Micro-Amnesty for Some Illegals Pending Before Congress

By David North on June 14, 2010

While it is taboo to talk about a policy that would prohibit the admission of migrants who might not be able to assimilate – such as Muslims who insist that women must wear the burqa – soon it may be possible to use the variable of cultural assimilation to give amnesty to an illegal alien.

As the immigration lawyers' trade paper Interpreter Releases headlined in its May 24 issue (which arrived on June 12). there is a move afoot regarding "Sentencing Guideline Amendments Sent to Congress Including Downward Departure for 'Cultural Assimilation' in Illegal Reentry Cases." The story was based on a May 14 Federal Register filing.

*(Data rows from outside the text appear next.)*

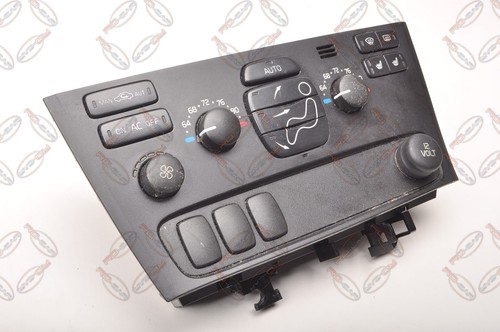 VOLVO XC70 I Control De Climatización Control De Calefacción Interruptor 8691878 - Imagen 9 de 15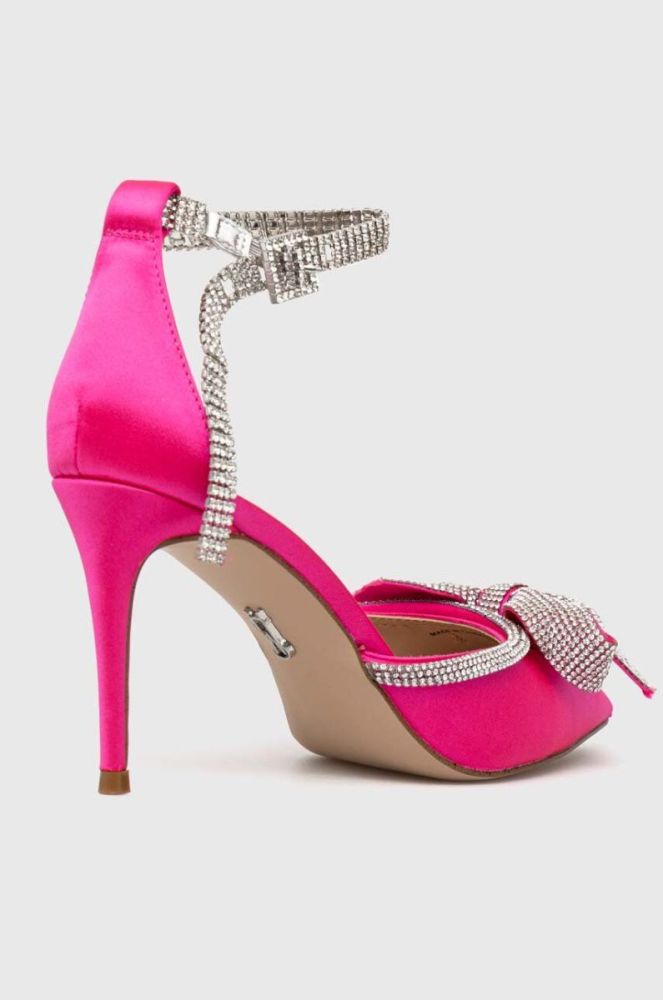 Туфлі Steve Madden Live up колір рожевий SM11002573 фото 3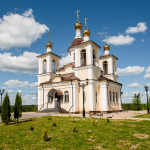 Лазаревский храм г. Сергиев Посад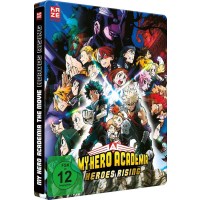 My Hero Academia: Heroes Rising (DVD) LE The Movie,...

That headline can use a little interpretation.

First, "downward departure" is not a deportation to Mexico, as opposed to Canada; downward departure is a legal term about giving flexibility to judges to hand out a sentence that is less strict than the ones in sentencing guidelines.

In this instance, the usual sentence of deportation could be modified for a particular class of illegal aliens; such aliens must: a) be in deportation proceedings; b) be repeat violators of the immigration law, as it apparently applies to only those reentering the U.S. illegally; c) be among those who "formed cultural ties primarily with the United States from having resided continuously in the U.S. from childhood . . . "; and d) "those cultural ties provided the primary motivation for the defendant's illegal reentry."

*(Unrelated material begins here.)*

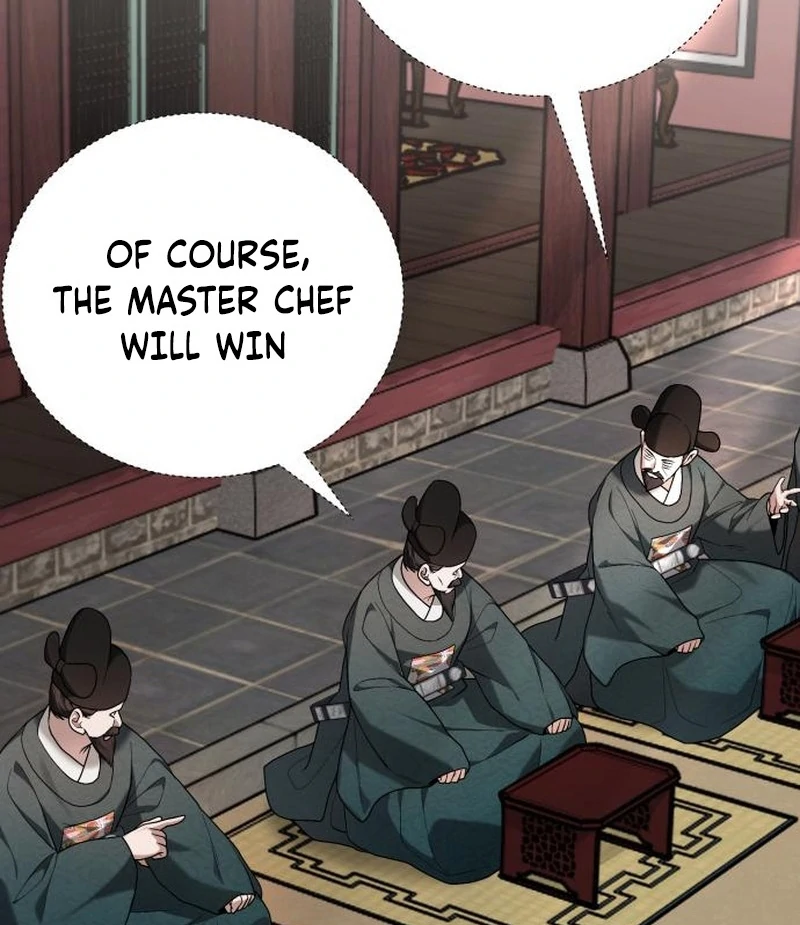 Read Surviving As The Tyrant’s Chef Manga Online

Further, the lesser sentence, presumably allowing continued, and now legal, presence in the U.S., must make it "not likely to increase the risk to the public from further crimes of the defendant."

The concept that "cultural ties provided the primary motivation for the defendant's illegal reentry" is an interesting one. Does the act of growing up in America, one that many of us have experienced, give one a legally justifiable motivation for breaking our laws?

The group of people covered by the proposed rule cannot be very large because most of the 12 million or so illegal aliens in the U.S. do not qualify for the full set of five requirements for the "downward departure" of the sentencing guidelines. But it would allow a judge-created amnesty for some, presumably young, illegal aliens; an amnesty not available to others who arrived later in life or who were (oddly) not lucky enough to get pulled into deportation proceedings.

The mechanism by which this micro-amnesty would be implemented involves a congressionally created segment of the judicial branch of the government, the U.S. Sentencing Commission. The commission held hearings on this issue on March 17, decided to recommend the downward departure in these cases, and sent that recommendation to Capitol Hill. If Congress does not act negatively on it, it will become part of U.S. law on November 1 of this year. I suspect Congress will not stop this process.

Meanwhile, the same issue of IR reminds us that while some discuss a new legalization program, the old one – passed a generation ago – is still, partially, alive and well.

USCIS, understandably, some years ago decided that some applicants for legalization under the Immigration Reform and Control Act of 1986 (IRCA) had abandoned their applications by leaving the country. Without my getting into the details, let me note that the courts decided that at least some of the applications of those aliens should be, in fact, considered on their merits, and that the former filing fees, not the current (and higher) ones should be charged.

We reported on a somewhat similar judicial decision some months ago in a blog entitled "Legalization Forever, for the Judges Make It Long."